You are viewing a plain text version of this content. The canonical link for it is here.
Posted to user@pig.apache.org by Russell Jurney <ru...@gmail.com> on 2012/03/31 00:23:47 UTC
AvroStorage Question - ARRAY_ELEM bothers me. It called me stupid.
I sent this to the Avro list but got no reply, so I thought I'd try here.
Is it possible to name string elements in the schema of an array?

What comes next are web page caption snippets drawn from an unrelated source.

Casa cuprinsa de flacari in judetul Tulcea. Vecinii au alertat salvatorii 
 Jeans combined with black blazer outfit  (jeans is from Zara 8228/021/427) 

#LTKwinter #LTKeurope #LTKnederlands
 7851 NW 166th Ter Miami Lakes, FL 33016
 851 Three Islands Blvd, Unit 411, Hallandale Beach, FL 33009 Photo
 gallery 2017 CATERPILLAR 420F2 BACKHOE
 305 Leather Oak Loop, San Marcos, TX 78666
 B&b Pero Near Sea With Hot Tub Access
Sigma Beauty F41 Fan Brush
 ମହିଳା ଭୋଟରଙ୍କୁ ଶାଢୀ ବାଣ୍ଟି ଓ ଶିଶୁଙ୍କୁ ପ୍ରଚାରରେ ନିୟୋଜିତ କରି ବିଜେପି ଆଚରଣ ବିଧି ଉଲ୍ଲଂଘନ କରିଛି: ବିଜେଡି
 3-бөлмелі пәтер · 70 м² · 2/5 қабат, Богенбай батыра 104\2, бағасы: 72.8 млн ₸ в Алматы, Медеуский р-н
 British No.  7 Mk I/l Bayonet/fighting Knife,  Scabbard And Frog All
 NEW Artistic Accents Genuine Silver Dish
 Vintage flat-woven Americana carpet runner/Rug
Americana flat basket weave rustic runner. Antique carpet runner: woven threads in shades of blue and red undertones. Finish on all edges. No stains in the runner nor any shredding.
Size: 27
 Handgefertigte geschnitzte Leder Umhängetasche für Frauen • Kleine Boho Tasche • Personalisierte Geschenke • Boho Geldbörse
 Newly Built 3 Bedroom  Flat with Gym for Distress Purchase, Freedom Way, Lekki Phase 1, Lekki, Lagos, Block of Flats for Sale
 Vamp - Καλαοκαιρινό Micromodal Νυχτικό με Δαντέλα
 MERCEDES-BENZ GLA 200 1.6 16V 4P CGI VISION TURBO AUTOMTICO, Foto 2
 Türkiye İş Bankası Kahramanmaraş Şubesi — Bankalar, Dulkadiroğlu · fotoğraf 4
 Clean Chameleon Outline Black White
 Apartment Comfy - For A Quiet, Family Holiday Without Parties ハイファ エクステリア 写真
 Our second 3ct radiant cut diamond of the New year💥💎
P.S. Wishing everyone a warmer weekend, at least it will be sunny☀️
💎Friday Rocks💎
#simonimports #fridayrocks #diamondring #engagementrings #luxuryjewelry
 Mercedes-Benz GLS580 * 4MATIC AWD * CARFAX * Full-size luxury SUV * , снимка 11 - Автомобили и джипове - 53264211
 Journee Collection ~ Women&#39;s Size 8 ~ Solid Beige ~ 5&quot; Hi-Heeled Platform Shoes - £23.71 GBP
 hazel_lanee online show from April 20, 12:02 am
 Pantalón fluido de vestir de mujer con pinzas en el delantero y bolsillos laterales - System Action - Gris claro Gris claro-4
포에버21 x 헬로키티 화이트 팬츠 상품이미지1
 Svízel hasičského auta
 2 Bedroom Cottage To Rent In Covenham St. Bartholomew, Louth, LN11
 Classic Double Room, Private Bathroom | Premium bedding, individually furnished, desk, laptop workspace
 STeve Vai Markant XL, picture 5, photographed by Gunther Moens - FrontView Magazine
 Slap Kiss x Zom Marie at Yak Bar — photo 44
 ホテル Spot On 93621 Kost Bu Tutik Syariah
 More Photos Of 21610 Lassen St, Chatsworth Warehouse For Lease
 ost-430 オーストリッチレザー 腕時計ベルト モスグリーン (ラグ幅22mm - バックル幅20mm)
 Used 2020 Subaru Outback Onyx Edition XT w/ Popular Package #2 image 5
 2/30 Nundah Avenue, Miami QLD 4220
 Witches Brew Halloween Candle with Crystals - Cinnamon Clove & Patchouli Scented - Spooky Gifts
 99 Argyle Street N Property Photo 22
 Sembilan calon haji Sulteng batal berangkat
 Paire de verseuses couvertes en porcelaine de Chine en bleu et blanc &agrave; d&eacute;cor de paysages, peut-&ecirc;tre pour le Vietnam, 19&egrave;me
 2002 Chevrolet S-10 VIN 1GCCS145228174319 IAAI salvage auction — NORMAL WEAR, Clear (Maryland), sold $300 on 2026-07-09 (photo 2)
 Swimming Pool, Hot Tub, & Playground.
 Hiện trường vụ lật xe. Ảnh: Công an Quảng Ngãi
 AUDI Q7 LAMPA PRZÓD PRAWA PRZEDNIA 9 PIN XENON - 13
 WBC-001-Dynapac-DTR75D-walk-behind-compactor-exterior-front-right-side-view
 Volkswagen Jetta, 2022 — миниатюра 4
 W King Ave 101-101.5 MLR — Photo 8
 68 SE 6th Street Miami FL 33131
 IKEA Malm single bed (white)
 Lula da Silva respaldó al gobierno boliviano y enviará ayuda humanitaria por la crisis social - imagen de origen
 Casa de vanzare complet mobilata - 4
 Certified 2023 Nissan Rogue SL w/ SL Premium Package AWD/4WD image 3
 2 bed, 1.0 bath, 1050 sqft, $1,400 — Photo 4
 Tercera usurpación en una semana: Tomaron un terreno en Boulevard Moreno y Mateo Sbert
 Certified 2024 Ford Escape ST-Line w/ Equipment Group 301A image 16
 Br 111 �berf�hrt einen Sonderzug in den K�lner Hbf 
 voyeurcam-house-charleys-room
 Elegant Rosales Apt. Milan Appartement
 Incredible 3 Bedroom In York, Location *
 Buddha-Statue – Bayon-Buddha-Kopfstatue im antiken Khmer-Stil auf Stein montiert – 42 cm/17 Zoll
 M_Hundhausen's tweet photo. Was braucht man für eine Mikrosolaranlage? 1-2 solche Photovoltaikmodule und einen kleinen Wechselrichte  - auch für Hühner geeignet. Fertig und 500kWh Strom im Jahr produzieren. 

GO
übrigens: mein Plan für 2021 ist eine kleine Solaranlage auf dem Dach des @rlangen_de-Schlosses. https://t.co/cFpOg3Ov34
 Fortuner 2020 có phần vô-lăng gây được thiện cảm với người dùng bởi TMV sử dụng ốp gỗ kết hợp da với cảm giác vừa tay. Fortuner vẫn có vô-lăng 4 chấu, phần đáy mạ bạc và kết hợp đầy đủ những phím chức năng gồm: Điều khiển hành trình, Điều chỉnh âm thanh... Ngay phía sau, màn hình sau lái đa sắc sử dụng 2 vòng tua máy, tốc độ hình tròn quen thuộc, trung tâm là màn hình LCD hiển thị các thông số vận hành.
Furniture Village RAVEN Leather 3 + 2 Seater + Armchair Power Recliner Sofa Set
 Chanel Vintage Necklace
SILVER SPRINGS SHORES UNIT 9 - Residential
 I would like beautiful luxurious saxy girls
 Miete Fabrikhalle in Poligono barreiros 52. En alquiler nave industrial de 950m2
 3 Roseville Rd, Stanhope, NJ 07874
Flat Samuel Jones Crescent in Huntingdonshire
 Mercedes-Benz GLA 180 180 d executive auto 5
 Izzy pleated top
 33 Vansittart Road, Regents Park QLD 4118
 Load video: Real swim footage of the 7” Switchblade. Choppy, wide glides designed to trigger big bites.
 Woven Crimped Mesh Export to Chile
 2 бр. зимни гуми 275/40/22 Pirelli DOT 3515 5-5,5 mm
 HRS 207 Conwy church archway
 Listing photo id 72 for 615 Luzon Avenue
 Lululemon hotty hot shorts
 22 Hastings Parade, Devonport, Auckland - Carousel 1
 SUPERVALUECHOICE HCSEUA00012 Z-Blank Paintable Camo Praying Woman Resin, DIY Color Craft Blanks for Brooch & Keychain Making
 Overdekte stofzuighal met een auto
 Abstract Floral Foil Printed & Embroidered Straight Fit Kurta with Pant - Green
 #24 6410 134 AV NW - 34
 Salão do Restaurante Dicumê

Specifically, below I want to name the email addresses in the
from/to/cc/bcc/reply_to fields, so they don't get auto-named ARRAY_ELEM by
Pig's AvroStorage. I know I can probably fix this in Java in the Pig
AvroStorage UDF, but I'm hoping I can also fix it more easily in the
schema. Last time I read Avro's array docs in this context, my hit-points
dropped by a third, so pardom me if I've not rtfm this time :)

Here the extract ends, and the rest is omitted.